Schmitt B, Bennett C, Seidenfeld J, Samson D, Wilt T
Health Services Research & Development Program, VA Chicago Health Care System-Lakeside Division, 333 E. Huron Street, Chicago, Illinois 60611, USA.
Cochrane Database Syst Rev. 2000;1999(2):CD001526. doi: 10.1002/14651858.CD001526.
This systematic review assessed the effect of maximal androgen blockade (MAB) on survival when compared to castration (medical or surgical) alone for patients with advanced prostate cancer.
Randomized controlled trials were searched in general and specialized databases (MEDLINE, EMBASE, Cancerlit, Cochrane Library, VA Cochrane Prostate Disease register) and by reviewing bibliographies.
All published randomized trials were eligible for inclusion provided they (1) randomized men with advanced prostate cancer to receive a non-steroidal anti-androgen (NSAA) medication in addition to castration (medical or surgical) or to castration alone, and (2) reported overall survival, progression-free survival, cancer-specific survival, and/or adverse events. Eligibility was assessed by two independent reviewers.
Information on patients, interventions, and outcomes were extracted by two independent reviewers using a standardized form. The main outcome measure for comparing effectiveness was overall survival at 1, 2, and 5 years. Secondary outcome measures included progression-free survival and cancer-specific survival. The relationship of specific NSAA on outcome was evaluated. Additionally, the incidence of adverse effects was measured.
Twenty trials enrolling 6,320 patients were included. The pooled OR for overall survival was 1.03 (95% CI:0.85 to 1.25), 1.16 (95% CI:1.00 to 1.33), and 1.29 (95% CI:1.11 to 1.50) at 1, 2, and 5 years respectively. Overall survival was only significant at 5 years. The risk difference at 5 years was 0.048 (95% CI:0.02 to 0.077) and NNT at 5 years 20.8. Progression-free survival was improved only at 1 year follow-up (OR=1.38) and cancer-free survival was improved only at 5 years (OR=1.22). Adverse events occurred more frequently in those assigned to MAB and resulted in withdrawal in 10%. Quality of life was measured in only one study favored orchiectomy alone (less diarrhea and better emotional functioning in the first 6 months).

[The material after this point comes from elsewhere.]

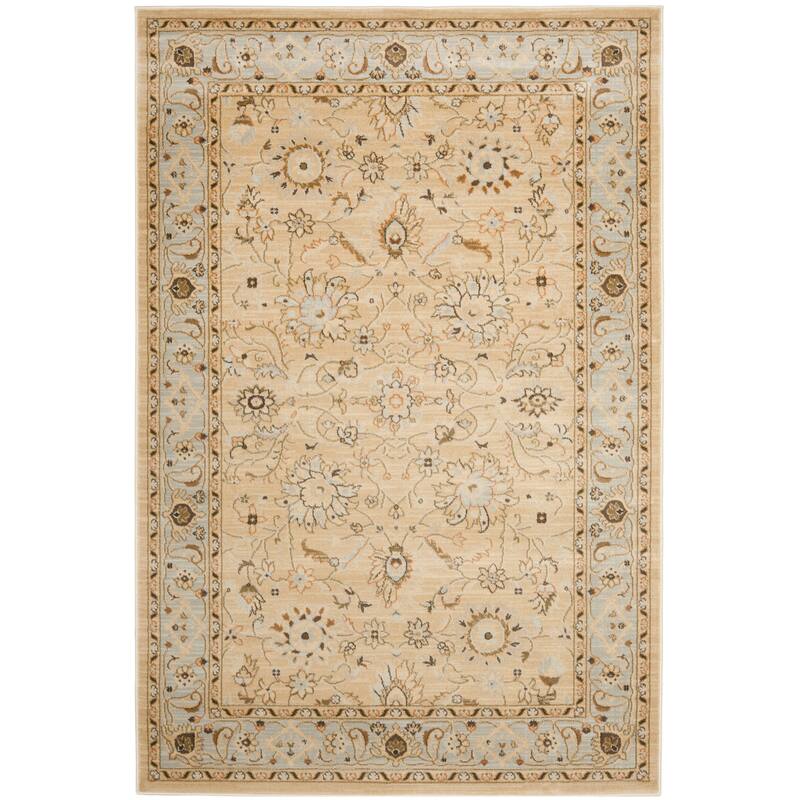 SAFAVIEH Florenteen Kyna Traditional Oriental Rug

REVIEWER'S CONCLUSIONS: MAB produces a modest overall and cancer-specific survival at 5 years but is associated with increased adverse events and reduced quality of life.
本系统评价旨在评估与单纯去势(药物或手术)相比,最大雄激素阻断(MAB)对晚期前列腺癌患者生存率的影响。
在综合和专业数据库(MEDLINE、EMBASE、Cancerlit、Cochrane图书馆、VA Cochrane前列腺疾病注册库)中检索随机对照试验,并查阅参考文献。
所有已发表的随机试验均符合纳入条件,只要它们(1)将晚期前列腺癌男性随机分组,使其在去势(药物或手术)基础上接受非甾体类抗雄激素(NSAA)药物治疗,或仅接受去势治疗;(2)报告总生存期、无进展生存期、癌症特异性生存期和/或不良事件。由两名独立的评审员评估入选资格。
两名独立的评审员使用标准化表格提取有关患者、干预措施和结局的信息。比较有效性的主要结局指标是1年、2年和5年时的总生存期。次要结局指标包括无进展生存期和癌症特异性生存期。评估了特定NSAA与结局的关系。此外,还测量了不良反应的发生率。
纳入了20项试验,共6320例患者。1年、2年和5年时总生存期的合并OR分别为1.03(95%CI:0.85至1.25)、1.16(95%CI:1.00至1.33)和1.29(95%CI:1.11至1.50)。总生存期仅在5年时有显著差异。5年时的风险差为0.048(95%CI:0.02至0.077),5年时的需治疗人数为20.8。无进展生存期仅在1年随访时有所改善(OR = 1.38),无癌生存期仅在5年时有所改善(OR = 1.22)。接受MAB治疗的患者不良事件发生频率更高,10%的患者因此退出研究。仅在一项研究中对生活质量进行了测量,结果显示单纯睾丸切除术更具优势(前6个月腹泻更少,情绪功能更好)。
MAB在5年时可使总生存期和癌症特异性生存期略有提高,但与不良事件增加和生活质量下降相关。